Après une première partie franchement olé-olé et à la limite du burlesque, on retombe dans un état dépressif qui, je l’avoue, ne m’avait pas manqué. Mais il y a des signes encourageants. Des réflexions profondes sur l’intention initiale de l’art, sur les mécanismes humains et le fonctionnement d’une société. Parce que malgré son activité sexuelle débridée, le narrateur est comme extérieur au monde qui l’entoure, ce qui lui permet de l’observer, de l’analyser, de l’interroger. De la jeune fille qui prend le dernier métro dans une tenue affriolante à la femme d’âge mûr prête à droguer un homme pour obtenir un rapport sexuel en passant par l’apprentie artiste chez qui un tableau de Cézanne réveille un traumatisme vécu dans l’enfance.


« Un jour, on sait qu’on ne sera plus heureux. On sera content, ici ou là, on aura des joies, on éprouvera de vrais bonheurs, mais on ne sera plus jamais heureux. On le sait, on le sent.»

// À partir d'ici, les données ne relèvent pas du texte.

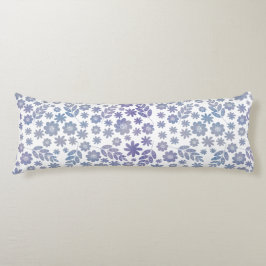 Gray & Lavender Floral Pattern Lichaamskussen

Je suis arrivée, dans la seconde partie du Jaune, dans l’essoufflement du magistral Dossier. Autant je me suis plongée entièrement, avec volupté et humour dans la première moitié, autant il a fallu que je m’accroche dur pour la seconde. Et c’est paradoxalement celui des cinq qu’il m’aura fallu le moins de temps à lire (merci les transports en communs, qui m’ont aussi plongée dans le quotidien de l’auteur). J’ai retrouvé avec plaisir ce narrateur aux pensées aussi prolixes que les aventures et à la réflexion pleine de sens malgré la tristesse qu’il couve en s’y sentant condamné. C’est une étape, m'apparaît-il, importante dans le processus de deuil de M et d’écriture du Dossier, car on y trouve également les prémices de ce qu'il va advenir après. Il y a des références et des indices qui ne trompent pas. On est dans la deuxième partie de la peine à purger et on entrevoit l’espoir de s’en sortir… Alors même si on galère avec la dépression de l’auteur et ses obsessions, il est absolument impossible de lâcher le livre ou même de sauter des pages, de peur de passer à côté de quelque chose d’essentiel… Et on se félicite, une fois le tome terminé, d’avoir été courageux, comme le narrateur l’est, parce que - tout comme lui - on se projette dans quelque chose de mieux, dans le mouvement, dans la fin des dix ans. Encore un tome, plus qu’un tome…


« Il y a, dans un baiser, tout l’amour que l’on peut donner et tout l’amour que l’on peut recevoir.»